#### WHAT YOU HAVE TO DO:
The entries that follow should be reproduced exactly, with no images carried over.

======== SUPPLIED MATERIAL ========

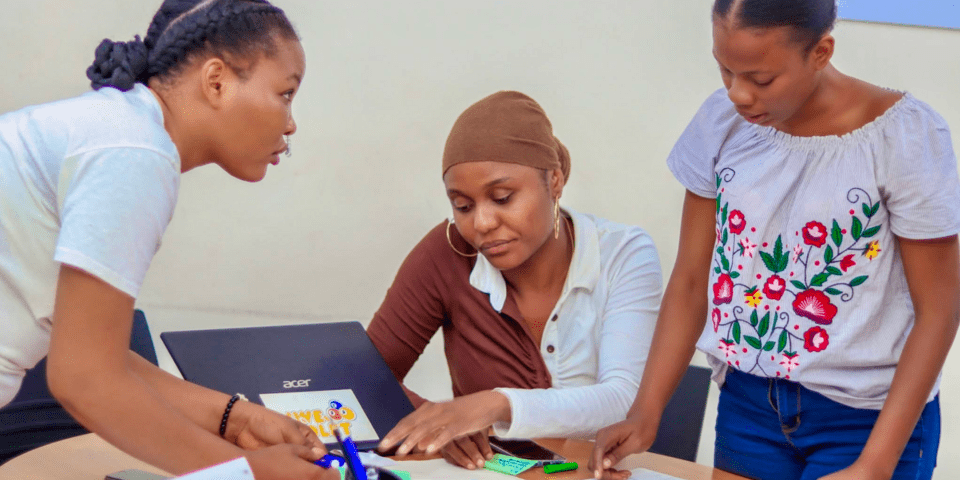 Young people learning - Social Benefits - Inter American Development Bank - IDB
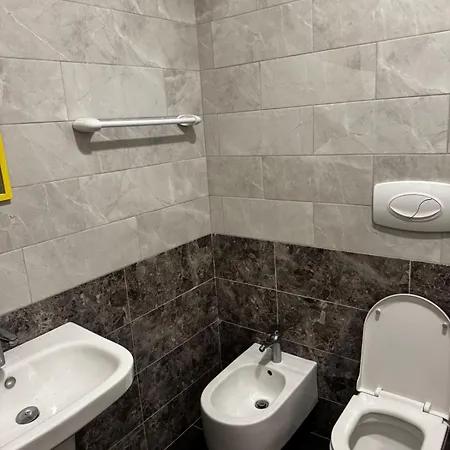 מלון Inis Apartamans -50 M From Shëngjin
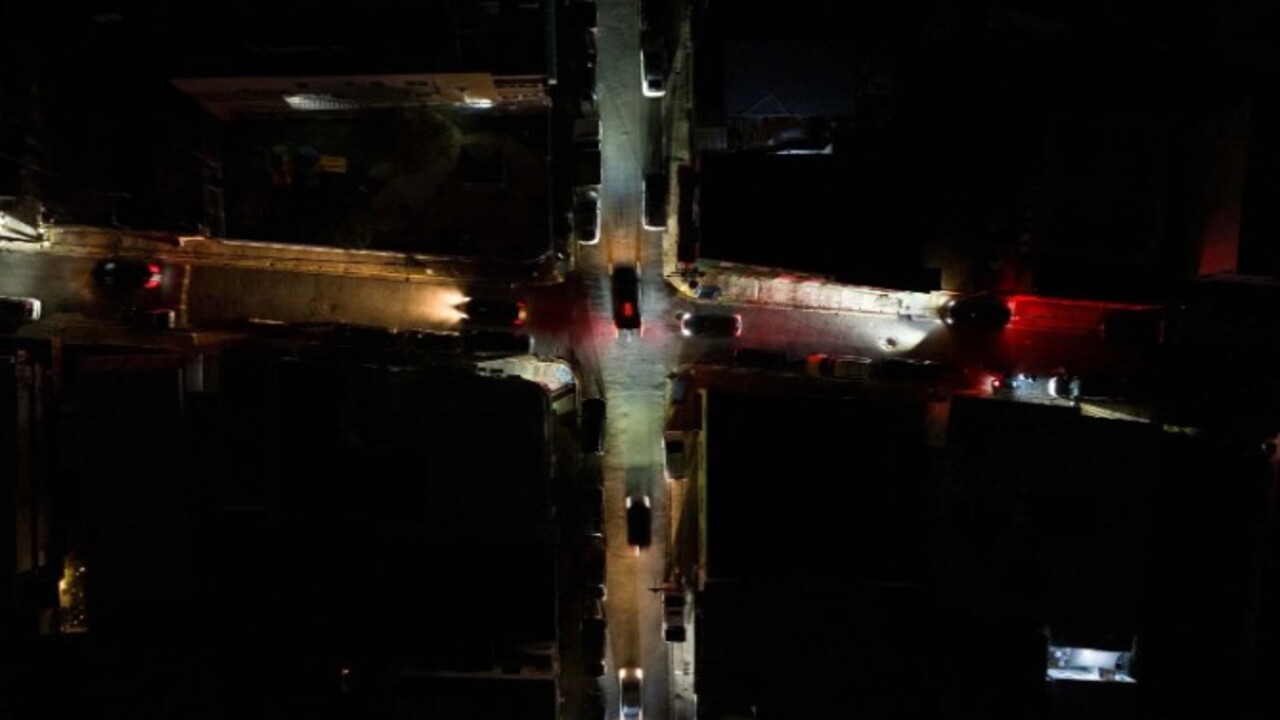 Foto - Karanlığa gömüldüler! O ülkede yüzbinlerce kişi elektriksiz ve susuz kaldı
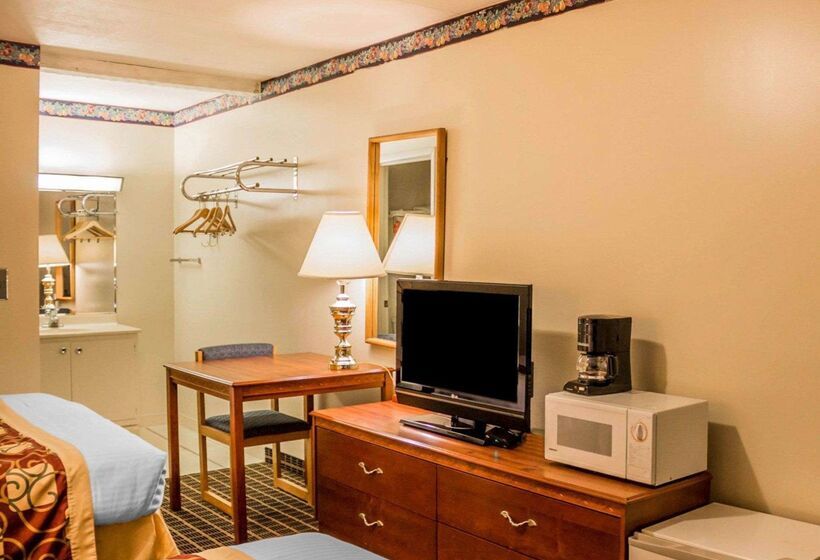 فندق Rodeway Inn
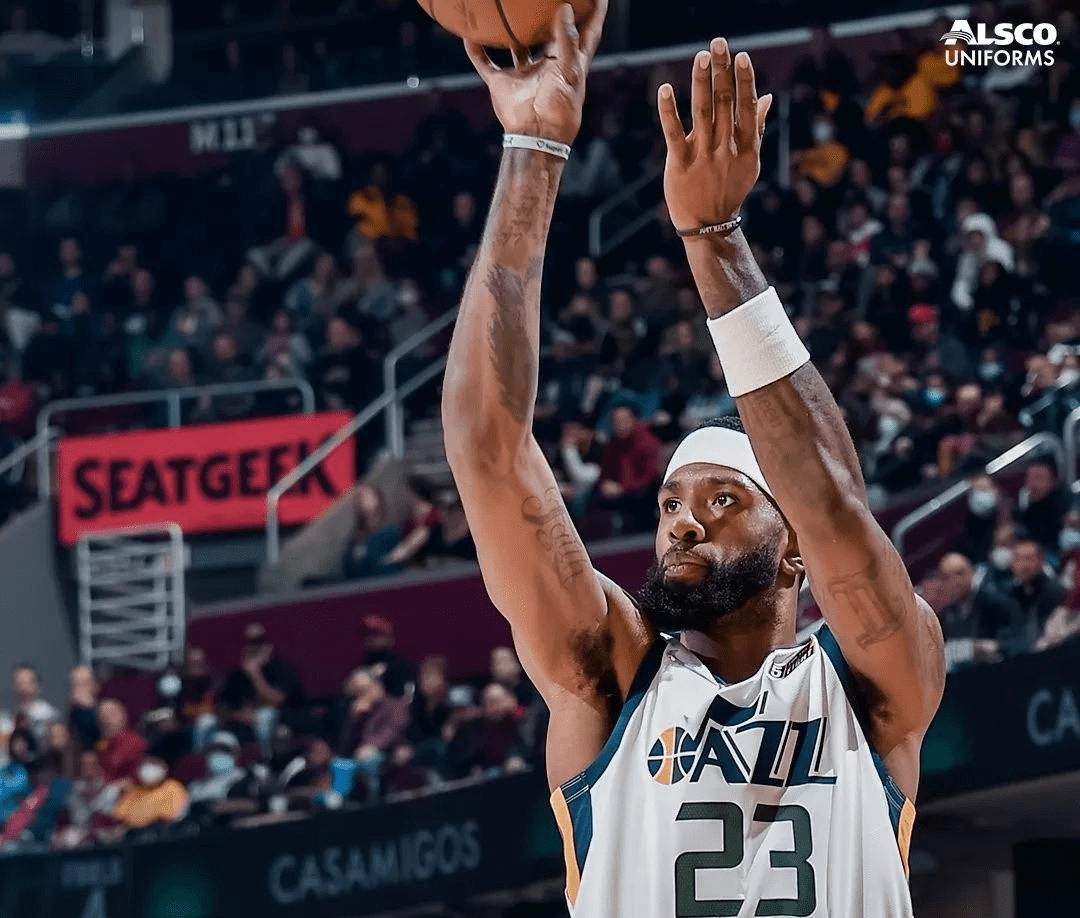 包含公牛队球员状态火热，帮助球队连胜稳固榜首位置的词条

========

#### TASK RESULT:
 Young people learning - Social Benefits - Inter American Development Bank - IDB
 מלון Inis Apartamans -50 M From Shëngjin
 Foto - Karanlığa gömüldüler! O ülkede yüzbinlerce kişi elektriksiz ve susuz kaldı
 فندق Rodeway Inn
 包含公牛队球员状态火热，帮助球队连胜稳固榜首位置的词条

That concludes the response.